GOAL OF THE EXERCISE:
Please give back, exactly as written, only the line containing "They say Night" and every line after it until the data below ends.

*** DATA UNDER STUDY Section Begins ***

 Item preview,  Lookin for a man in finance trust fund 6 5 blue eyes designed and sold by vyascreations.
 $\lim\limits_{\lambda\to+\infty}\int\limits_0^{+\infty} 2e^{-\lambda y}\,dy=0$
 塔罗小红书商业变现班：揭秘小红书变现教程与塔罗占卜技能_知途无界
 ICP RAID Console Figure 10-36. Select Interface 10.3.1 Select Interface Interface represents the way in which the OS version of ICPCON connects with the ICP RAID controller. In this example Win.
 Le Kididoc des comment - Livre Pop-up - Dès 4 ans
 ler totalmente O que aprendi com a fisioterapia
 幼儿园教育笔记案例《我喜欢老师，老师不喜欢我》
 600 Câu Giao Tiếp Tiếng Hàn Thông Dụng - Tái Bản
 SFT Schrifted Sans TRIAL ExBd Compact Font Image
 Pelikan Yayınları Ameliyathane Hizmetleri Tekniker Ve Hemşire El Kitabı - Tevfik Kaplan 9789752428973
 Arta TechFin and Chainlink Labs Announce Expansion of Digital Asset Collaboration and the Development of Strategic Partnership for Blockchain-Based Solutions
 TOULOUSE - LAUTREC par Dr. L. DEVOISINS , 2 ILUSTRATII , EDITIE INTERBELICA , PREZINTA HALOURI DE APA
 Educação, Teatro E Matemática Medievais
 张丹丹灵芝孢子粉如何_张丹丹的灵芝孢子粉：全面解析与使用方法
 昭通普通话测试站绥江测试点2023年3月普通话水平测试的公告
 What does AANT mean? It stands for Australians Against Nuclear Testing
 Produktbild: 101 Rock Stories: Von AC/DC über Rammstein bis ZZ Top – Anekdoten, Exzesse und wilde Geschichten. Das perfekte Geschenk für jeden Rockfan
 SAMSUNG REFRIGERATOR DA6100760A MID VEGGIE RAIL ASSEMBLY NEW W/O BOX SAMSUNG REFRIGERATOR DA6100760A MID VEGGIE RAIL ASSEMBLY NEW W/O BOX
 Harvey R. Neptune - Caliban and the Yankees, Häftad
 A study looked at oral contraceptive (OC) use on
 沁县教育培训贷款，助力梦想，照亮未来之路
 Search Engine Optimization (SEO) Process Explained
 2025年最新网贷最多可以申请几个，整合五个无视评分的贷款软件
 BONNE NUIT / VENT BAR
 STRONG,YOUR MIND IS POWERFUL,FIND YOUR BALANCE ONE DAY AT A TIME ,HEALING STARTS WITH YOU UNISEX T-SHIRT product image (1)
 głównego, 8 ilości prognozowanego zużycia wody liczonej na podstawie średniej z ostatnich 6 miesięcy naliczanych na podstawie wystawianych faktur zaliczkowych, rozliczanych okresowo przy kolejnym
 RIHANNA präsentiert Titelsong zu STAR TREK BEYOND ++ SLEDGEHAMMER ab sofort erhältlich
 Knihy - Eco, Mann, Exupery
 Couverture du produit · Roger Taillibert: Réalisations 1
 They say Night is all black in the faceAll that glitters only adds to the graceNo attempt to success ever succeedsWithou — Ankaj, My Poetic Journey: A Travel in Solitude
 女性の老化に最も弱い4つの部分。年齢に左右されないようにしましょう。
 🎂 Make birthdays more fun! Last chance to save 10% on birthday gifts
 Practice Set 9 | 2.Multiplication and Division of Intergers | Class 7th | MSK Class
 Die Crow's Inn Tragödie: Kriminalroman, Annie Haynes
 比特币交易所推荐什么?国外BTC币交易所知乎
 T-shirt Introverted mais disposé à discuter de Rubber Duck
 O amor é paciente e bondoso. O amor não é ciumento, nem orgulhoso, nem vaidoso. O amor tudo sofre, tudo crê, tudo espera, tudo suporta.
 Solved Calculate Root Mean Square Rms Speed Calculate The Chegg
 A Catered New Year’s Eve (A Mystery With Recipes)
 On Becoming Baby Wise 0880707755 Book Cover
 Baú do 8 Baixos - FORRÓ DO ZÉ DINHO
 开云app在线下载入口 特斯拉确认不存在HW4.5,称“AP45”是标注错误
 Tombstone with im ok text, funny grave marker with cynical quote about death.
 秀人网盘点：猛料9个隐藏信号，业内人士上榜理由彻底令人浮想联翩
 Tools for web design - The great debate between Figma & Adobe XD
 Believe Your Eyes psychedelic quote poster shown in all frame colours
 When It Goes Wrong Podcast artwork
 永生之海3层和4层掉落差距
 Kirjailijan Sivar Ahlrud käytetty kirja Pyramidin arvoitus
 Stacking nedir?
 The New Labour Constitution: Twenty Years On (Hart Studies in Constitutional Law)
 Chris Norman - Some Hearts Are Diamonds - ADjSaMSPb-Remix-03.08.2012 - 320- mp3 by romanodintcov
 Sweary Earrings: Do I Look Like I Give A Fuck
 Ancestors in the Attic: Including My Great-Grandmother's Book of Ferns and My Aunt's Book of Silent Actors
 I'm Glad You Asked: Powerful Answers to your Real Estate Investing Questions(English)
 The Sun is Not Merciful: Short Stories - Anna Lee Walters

*** DATA UNDER STUDY Section Ends ***

SOLUTION TO THE PROBLEM:
 They say Night is all black in the faceAll that glitters only adds to the graceNo attempt to success ever succeedsWithou — Ankaj, My Poetic Journey: A Travel in Solitude
 女性の老化に最も弱い4つの部分。年齢に左右されないようにしましょう。
 🎂 Make birthdays more fun! Last chance to save 10% on birthday gifts
 Practice Set 9 | 2.Multiplication and Division of Intergers | Class 7th | MSK Class
 Die Crow's Inn Tragödie: Kriminalroman, Annie Haynes
 比特币交易所推荐什么?国外BTC币交易所知乎
 T-shirt Introverted mais disposé à discuter de Rubber Duck
 O amor é paciente e bondoso. O amor não é ciumento, nem orgulhoso, nem vaidoso. O amor tudo sofre, tudo crê, tudo espera, tudo suporta.
 Solved Calculate Root Mean Square Rms Speed Calculate The Chegg
 A Catered New Year’s Eve (A Mystery With Recipes)
 On Becoming Baby Wise 0880707755 Book Cover
 Baú do 8 Baixos - FORRÓ DO ZÉ DINHO
 开云app在线下载入口 特斯拉确认不存在HW4.5,称“AP45”是标注错误
 Tombstone with im ok text, funny grave marker with cynical quote about death.
 秀人网盘点：猛料9个隐藏信号，业内人士上榜理由彻底令人浮想联翩
 Tools for web design - The great debate between Figma & Adobe XD
 Believe Your Eyes psychedelic quote poster shown in all frame colours
 When It Goes Wrong Podcast artwork
 永生之海3层和4层掉落差距
 Kirjailijan Sivar Ahlrud käytetty kirja Pyramidin arvoitus
 Stacking nedir?
 The New Labour Constitution: Twenty Years On (Hart Studies in Constitutional Law)
 Chris Norman - Some Hearts Are Diamonds - ADjSaMSPb-Remix-03.08.2012 - 320- mp3 by romanodintcov
 Sweary Earrings: Do I Look Like I Give A Fuck
 Ancestors in the Attic: Including My Great-Grandmother's Book of Ferns and My Aunt's Book of Silent Actors
 I'm Glad You Asked: Powerful Answers to your Real Estate Investing Questions(English)
 The Sun is Not Merciful: Short Stories - Anna Lee Walters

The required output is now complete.